GP Insights # 46, 26 May 2019
Over concerns of the army’s human rights abuses in pursuit of armed groups, Columbian President Iván Duque on May 24 announced the appointment of an independent commission to examine the army’s commands and orders.
What is the background?
Despite the 2016 peace deal, at least 3000 rebels have rearmed as numerous promises were forgotten. Development of rural sectors has been undermined and ignored by the government. The primary selling point – the guarantee of safety and stability has crumbled. Since October 2016, over 500 activists have lost their lives, and over 210,000 have been displaced. The new PM, Ivan Duque’s desire to revise the accords and his government’s pursuit of the rebels had further fueled rebel sentiments. Under him, army revised orders aimed at doubling results against paramilitary, guerrilla and criminal organizations, thus escalating civilian casualties. Colombia’s military is notoriously famous for “false-positive killings” which increases combat body counts, thus ensuring a rise in ranks.
What does it mean?
The current human rights concerns become a pressing issue in the Colombian peace affair as it catalyzes the rearming by militants. Duque government’s promotion of unrepentant commanders and coming down heavily on the rebels through orders supposedly “misinterpreted by officers” and permitting actions despite doubts regarding targets’ criminality shakes the foundation of the hard-won peace. “60-70 per cent (exactitude)” is not enough when it’s a question of lives.

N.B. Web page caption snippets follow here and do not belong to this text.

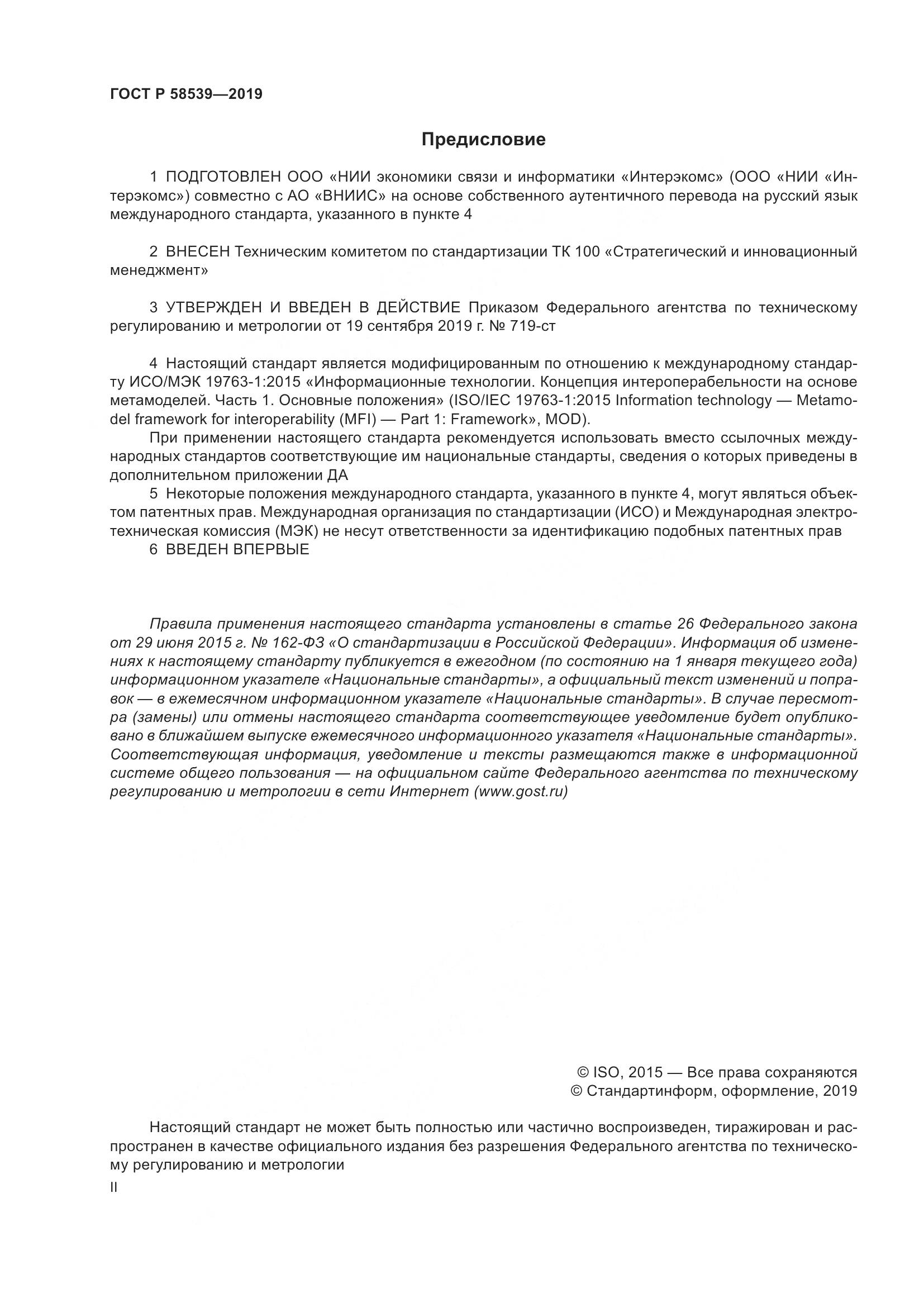 ГОСТ Р  58539-2019, страница 2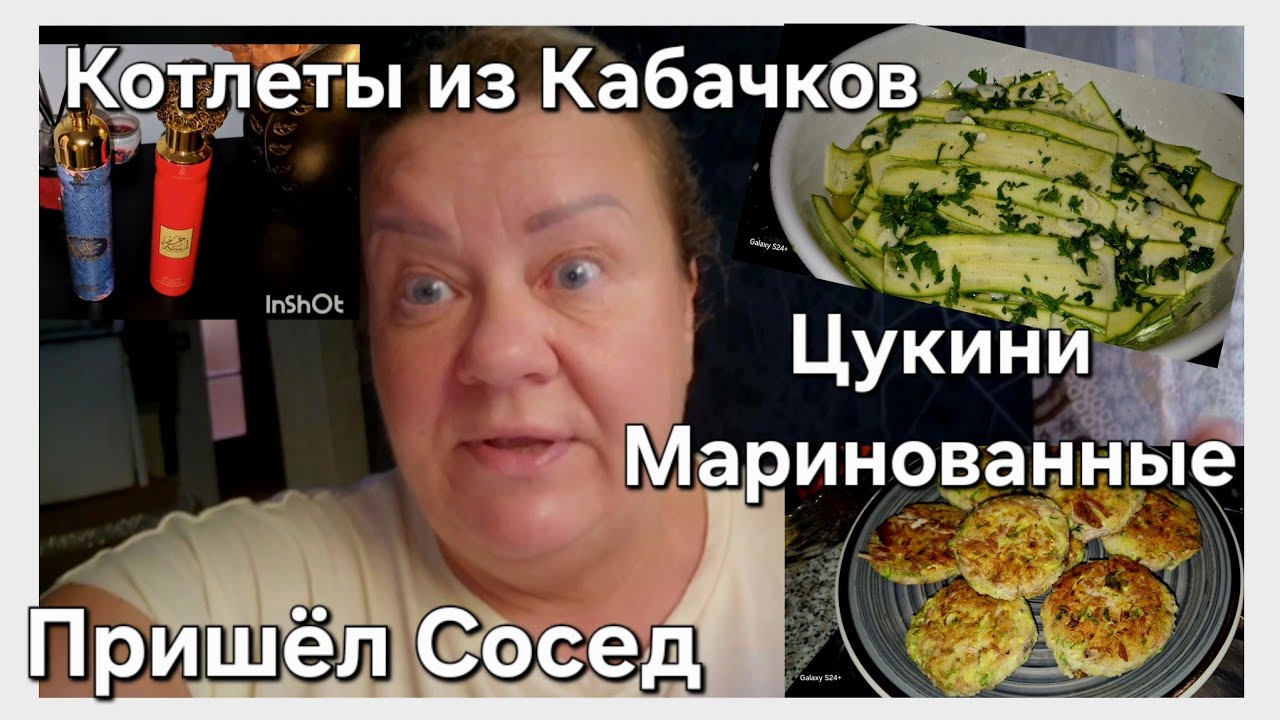 #Италия Жизнь в Деревне#Сколько можно готовить?#Котлеты из Кабачков#Маринованные Цукини#Пришёл Сосед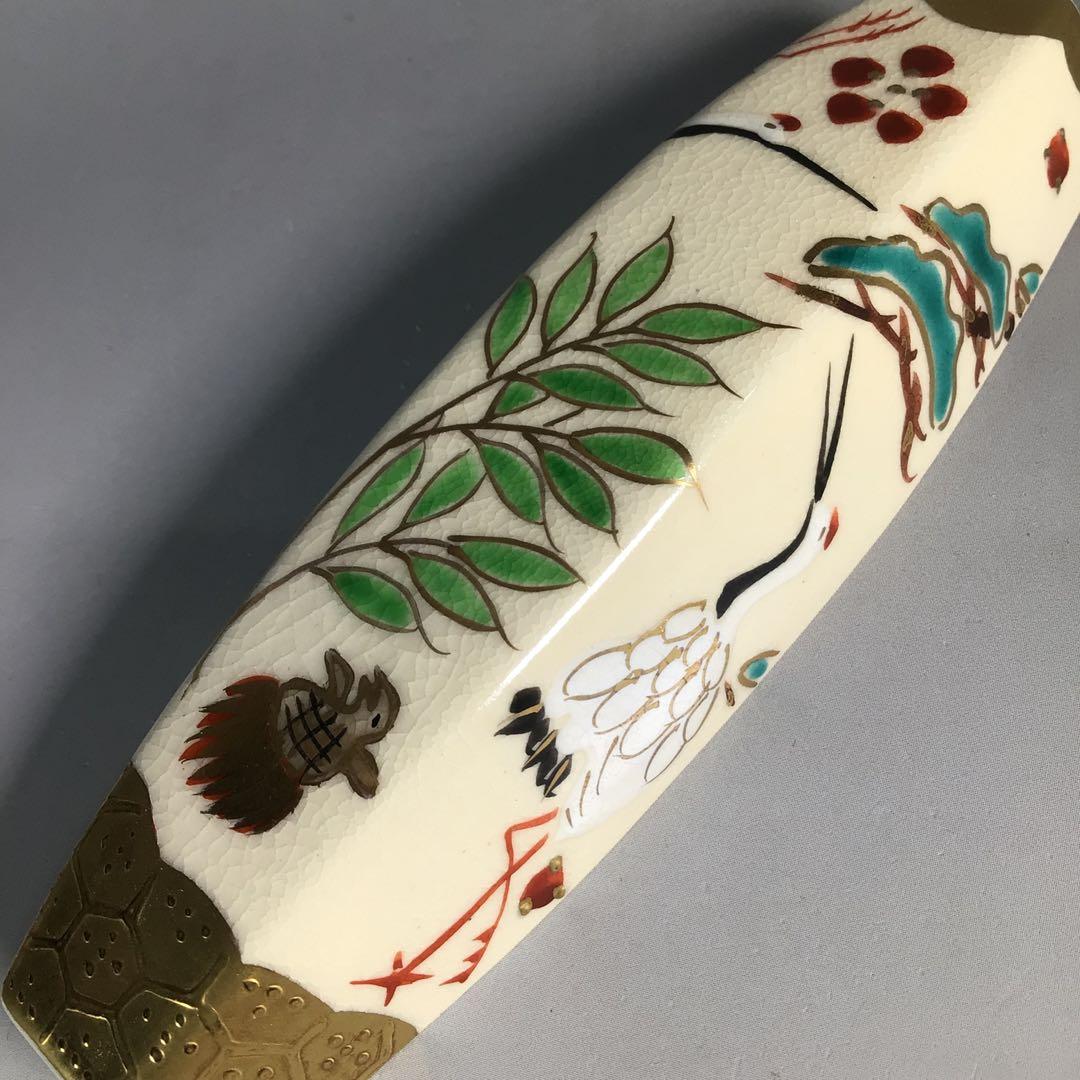 Ｎ３３９　香合　『京焼』『橋本城岳造』『金彩色絵』『ぶりぶり香合』　共箱　茶道具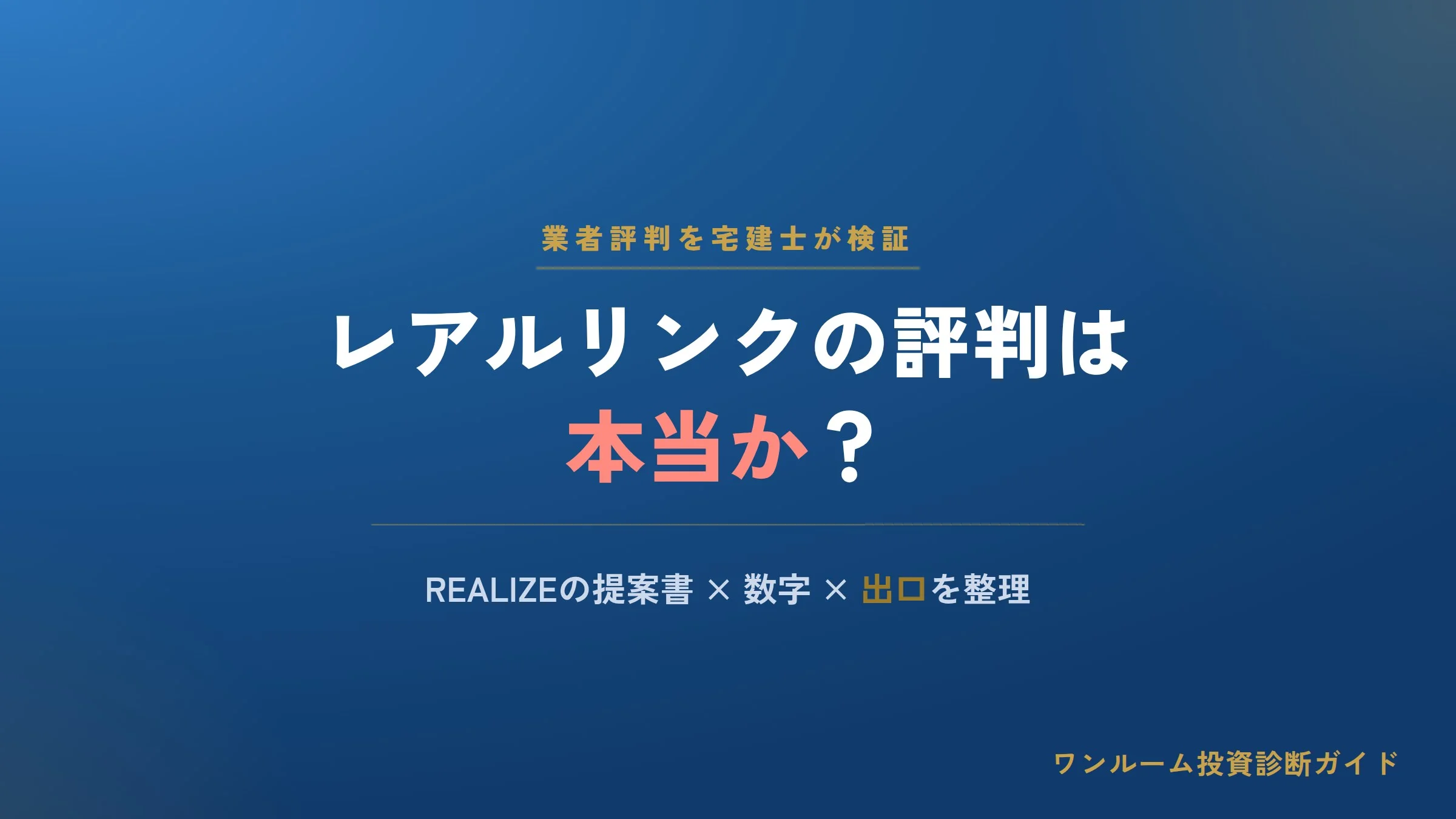 レアルリンクの評判は？REALIZE（リアライズ）の口コミと注意点を宅建士視点で解説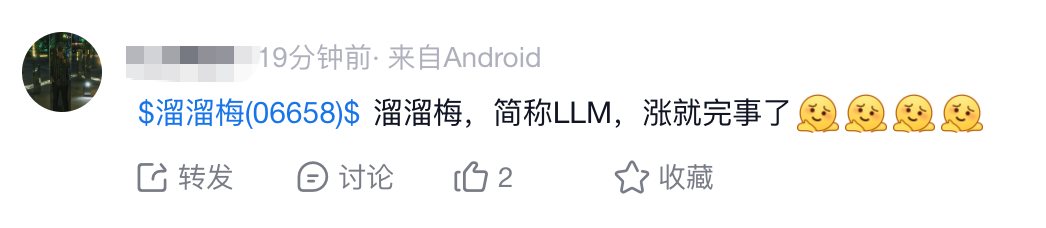Hotter than SpaceX, Oversubscribed by Over 6,586 Times. What is the Meme Power Behind Liuliumei (06658.HK)?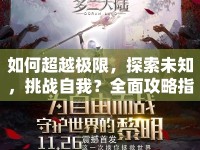 如何超越極限，探索未知，挑戰(zhàn)自我？全面攻略指南來幫你！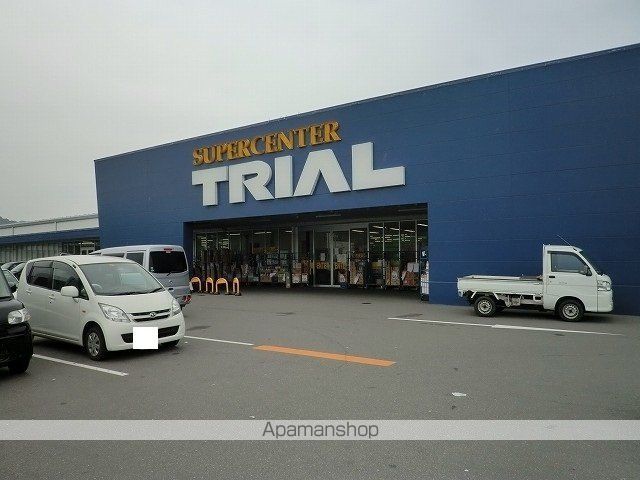 スーパー　トライアル下松店（スーパー）まで1500m
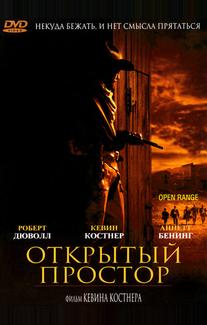 Открытый простор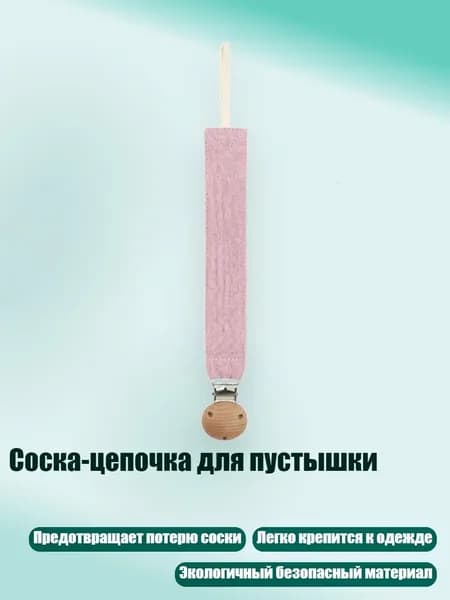 Соска-цепочка для пустышки, D28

The continuing rural deprivation is also working against peace. Essential services and amenities remain dreams in countrysides where much of the war was fought. Consequently, new armed groups are filling FARC’s void. Before 2017, the majority of FARC’s funding had come from the drug trade. For the poor, coca remains the most favoured as the crop-substitution program hasn’t materialized. Today, the government’s core issue is money. During the peace deal, $45 billion was estimated to fulfil assurances over a period of 15 years. Then, however, the treasury enjoyed $100 per barrel of oil, today the values are a third lower.
As these economic, political and structural problems unfold, the complex Colombian peace achieved after five decades of conflict may deteriorate or stand the test of time.